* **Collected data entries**
⟨
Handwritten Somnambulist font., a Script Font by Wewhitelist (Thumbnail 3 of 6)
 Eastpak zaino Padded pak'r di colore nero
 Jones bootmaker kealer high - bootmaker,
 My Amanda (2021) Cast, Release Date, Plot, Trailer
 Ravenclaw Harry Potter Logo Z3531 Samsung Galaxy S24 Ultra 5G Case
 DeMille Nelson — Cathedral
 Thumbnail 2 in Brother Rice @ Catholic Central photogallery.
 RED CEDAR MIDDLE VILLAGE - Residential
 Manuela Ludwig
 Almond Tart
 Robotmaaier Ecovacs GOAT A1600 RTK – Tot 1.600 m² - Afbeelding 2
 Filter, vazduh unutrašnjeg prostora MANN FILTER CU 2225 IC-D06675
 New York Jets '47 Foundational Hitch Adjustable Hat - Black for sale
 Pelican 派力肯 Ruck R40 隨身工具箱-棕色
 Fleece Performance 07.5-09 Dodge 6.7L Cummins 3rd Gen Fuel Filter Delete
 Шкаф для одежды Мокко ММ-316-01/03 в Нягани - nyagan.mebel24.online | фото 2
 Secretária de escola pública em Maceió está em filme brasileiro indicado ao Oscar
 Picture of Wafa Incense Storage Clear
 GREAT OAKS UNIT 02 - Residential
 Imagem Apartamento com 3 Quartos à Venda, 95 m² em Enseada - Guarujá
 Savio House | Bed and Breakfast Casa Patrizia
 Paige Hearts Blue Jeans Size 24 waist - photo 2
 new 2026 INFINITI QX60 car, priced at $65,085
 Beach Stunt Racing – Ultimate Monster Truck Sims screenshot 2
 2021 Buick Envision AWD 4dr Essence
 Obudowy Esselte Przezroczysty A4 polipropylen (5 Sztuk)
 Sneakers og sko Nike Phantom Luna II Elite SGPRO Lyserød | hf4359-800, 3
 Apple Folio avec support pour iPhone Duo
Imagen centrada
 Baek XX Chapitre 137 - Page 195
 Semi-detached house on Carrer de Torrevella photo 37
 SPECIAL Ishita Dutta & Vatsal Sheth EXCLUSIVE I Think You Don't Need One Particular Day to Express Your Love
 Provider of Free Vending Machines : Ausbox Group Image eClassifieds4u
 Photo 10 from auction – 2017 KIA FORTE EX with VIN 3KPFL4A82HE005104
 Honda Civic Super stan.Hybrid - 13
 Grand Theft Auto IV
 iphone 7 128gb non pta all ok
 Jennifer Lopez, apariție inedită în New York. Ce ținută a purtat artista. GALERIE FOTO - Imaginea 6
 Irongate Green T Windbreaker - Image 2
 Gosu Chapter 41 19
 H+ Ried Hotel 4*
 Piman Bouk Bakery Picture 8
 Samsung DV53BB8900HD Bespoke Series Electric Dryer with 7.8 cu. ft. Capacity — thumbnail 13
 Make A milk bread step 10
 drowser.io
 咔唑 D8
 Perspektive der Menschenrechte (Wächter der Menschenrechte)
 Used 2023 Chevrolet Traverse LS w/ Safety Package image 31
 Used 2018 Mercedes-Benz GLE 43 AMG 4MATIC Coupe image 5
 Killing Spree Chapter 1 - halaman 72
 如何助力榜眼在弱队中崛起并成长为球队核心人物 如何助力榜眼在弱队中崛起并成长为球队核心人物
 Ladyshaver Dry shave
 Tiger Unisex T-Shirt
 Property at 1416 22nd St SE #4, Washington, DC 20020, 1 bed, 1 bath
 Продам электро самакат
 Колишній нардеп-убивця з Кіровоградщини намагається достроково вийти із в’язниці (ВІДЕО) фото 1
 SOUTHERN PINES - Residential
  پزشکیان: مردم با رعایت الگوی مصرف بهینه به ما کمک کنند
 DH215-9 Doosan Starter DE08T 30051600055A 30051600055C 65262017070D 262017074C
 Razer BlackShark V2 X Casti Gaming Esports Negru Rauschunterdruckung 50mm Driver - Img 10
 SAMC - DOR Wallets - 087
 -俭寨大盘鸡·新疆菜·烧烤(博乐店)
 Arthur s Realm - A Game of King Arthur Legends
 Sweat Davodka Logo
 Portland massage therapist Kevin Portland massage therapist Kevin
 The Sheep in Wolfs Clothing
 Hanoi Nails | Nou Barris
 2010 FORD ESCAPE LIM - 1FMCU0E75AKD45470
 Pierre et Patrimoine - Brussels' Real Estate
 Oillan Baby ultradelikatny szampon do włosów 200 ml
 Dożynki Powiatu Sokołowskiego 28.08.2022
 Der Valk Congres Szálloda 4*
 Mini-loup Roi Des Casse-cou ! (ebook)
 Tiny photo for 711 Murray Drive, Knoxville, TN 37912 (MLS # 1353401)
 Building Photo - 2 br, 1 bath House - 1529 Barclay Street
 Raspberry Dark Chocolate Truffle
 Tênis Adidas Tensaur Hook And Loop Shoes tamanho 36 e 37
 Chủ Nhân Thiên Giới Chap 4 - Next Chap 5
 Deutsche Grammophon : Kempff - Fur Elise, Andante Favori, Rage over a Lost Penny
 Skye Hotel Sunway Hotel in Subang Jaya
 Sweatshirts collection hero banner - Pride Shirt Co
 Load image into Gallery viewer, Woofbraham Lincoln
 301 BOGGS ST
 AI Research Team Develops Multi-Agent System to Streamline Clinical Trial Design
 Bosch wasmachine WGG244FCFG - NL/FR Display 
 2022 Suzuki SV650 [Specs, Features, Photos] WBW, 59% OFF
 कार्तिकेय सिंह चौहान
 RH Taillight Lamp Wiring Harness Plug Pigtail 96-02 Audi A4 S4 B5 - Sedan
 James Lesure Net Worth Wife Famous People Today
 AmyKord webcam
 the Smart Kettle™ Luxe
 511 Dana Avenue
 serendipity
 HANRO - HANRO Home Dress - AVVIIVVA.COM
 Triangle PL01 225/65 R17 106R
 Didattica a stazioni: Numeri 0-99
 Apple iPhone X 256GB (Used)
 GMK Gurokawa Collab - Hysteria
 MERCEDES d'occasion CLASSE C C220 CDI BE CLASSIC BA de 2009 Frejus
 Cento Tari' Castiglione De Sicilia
⟩
* **Your instructions**
From the records above, give again exactly the lines running from the line with "Secretária de escola" to the line with "Savio House |", inclusive.

* **Answer for this exercise**
 Secretária de escola pública em Maceió está em filme brasileiro indicado ao Oscar
 Picture of Wafa Incense Storage Clear
 GREAT OAKS UNIT 02 - Residential
 Imagem Apartamento com 3 Quartos à Venda, 95 m² em Enseada - Guarujá
 Savio House | Bed and Breakfast Casa Patrizia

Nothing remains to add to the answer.